The F-35 is safe to fly while the JPO determines and implements corrective measures, she said. The JPO declined to comment on whether the government or Lockheed Martin bears the responsibility for the hardware deficiencies, and who will pay to correct them. It is unusual for the government not to reveal corrective measures required when a military aircraft crashes due—even in part—to hardware and software deficiencies.

According to an accident investigation board report released in early October, the F-35 in question crashed mainly because the pilot incorrectly set a “speed hold” that was too high during the landing process.

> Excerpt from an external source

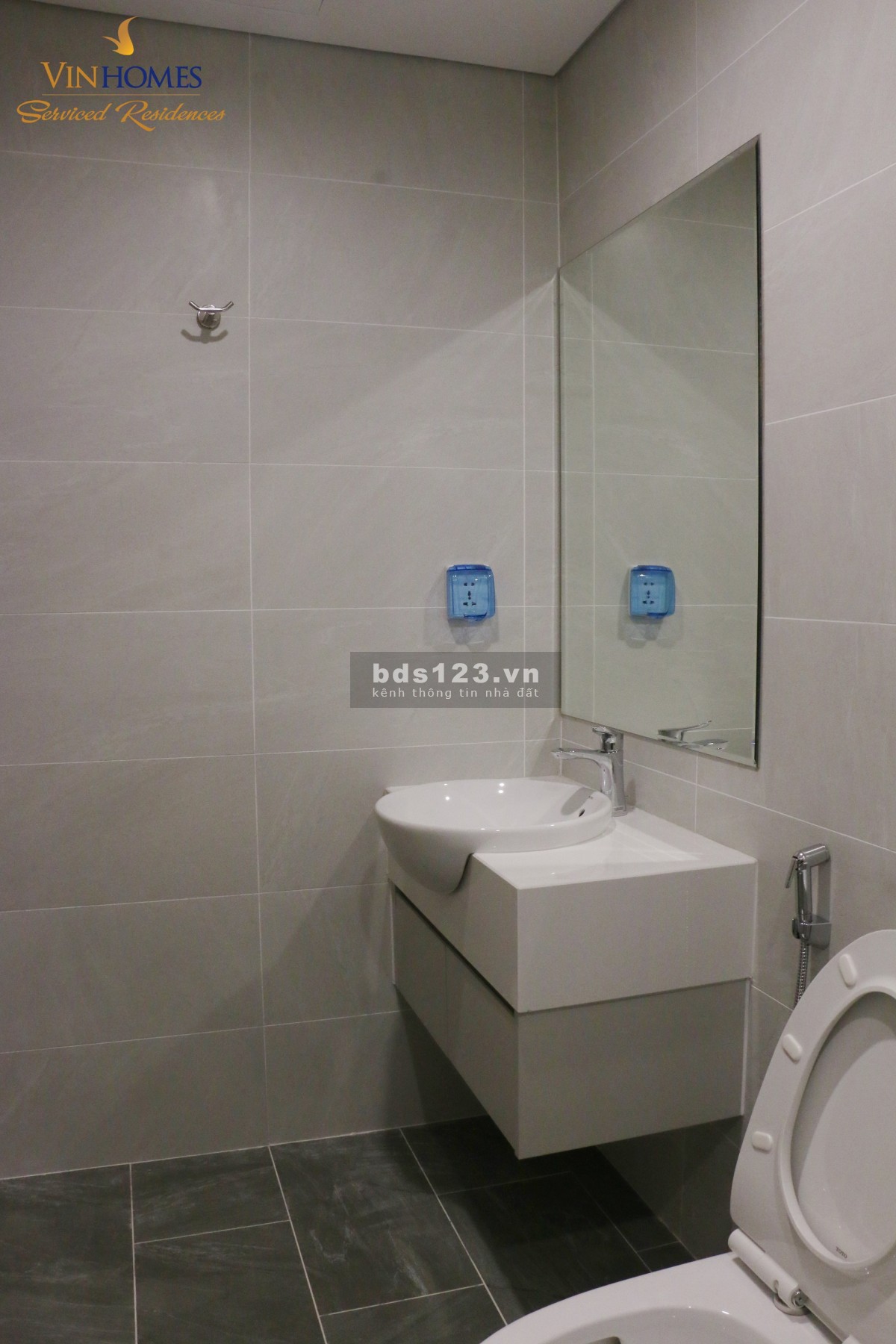0385015918 Cho thuê căn 2PN 2wc+1 căn góc full cơ bản 7.04tr bao gồm phí dịch vụ Vinhomes Ocean Park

However, the AIB identified a number of other issues with the F-35, all of which contributed to the crash. Those included a misalignment and “green glow” of the helmet-mounted display, which both caused the mishap pilot to think he was too low on landing and made it difficult for the pilot to see the landscape during the mission, which was conducted at night.

Other problems included a delayed response to the pilot’s commands to raise the nose, flight control software that overrode the pilot’s commands, and simulator instruction that differed from what would actually be experienced in the aircraft under similar conditions.

Moreover, the mishap pilot—and other pilots—reported that the F-35’s life support system requires the pilot to work too hard at breathing, causing “cognitive degradation,” or fatigue during the mission, that is markedly worse than in other aircraft, the AIB said.

Making an instrument landing approach in the F-35 isn’t easy and “could have been made more challenging” by the breathing system, the AIB reported. The pilot’s report of finding the jet physically “draining” to fly is corroborated by “emerging research” on the F-35’s systems, the AIB said. “There appears to be a physiological toll taken on a pilot’s cognitive capacities as a result of breathing through the on-demand oxygen system,” the AIB found.    

At the time the report was released, the JPO declined comment and referred questions to Air Education and Training Command, which was the AIB convening authority. But AETC referred queries back to the JPO, because the JPO is responsible for necessary changes to hardware.

The AIB said the mishap aircraft was the only Lot 6 airplane at Eglin at the time. A technical change order affecting the helmet had already been published, but wasn’t deemed urgent and required a visit to depot to install. Moreover, the simulator was found to “not accurately represent the aircraft flight dynamics seen in this scenario,” the AETC report said. The mishap pilot received “negative learning” from the simulator, and might have been able to recover the aircraft if the simulator training had been accurate—another “contributing factor” in the crash, the AIB said.